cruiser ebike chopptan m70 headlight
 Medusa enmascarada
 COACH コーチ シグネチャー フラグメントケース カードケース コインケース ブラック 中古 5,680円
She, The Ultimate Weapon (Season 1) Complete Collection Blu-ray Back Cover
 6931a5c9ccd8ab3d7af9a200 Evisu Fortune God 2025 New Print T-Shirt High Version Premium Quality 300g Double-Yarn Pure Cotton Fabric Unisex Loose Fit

= = =

Task prompt
Everything from the line containing "Medusa enmascarada" through the final line of the records is what you should print, exactly and with nothing added.

Reply to the exercise
 Medusa enmascarada
 COACH コーチ シグネチャー フラグメントケース カードケース コインケース ブラック 中古 5,680円
She, The Ultimate Weapon (Season 1) Complete Collection Blu-ray Back Cover
 6931a5c9ccd8ab3d7af9a200 Evisu Fortune God 2025 New Print T-Shirt High Version Premium Quality 300g Double-Yarn Pure Cotton Fabric Unisex Loose Fit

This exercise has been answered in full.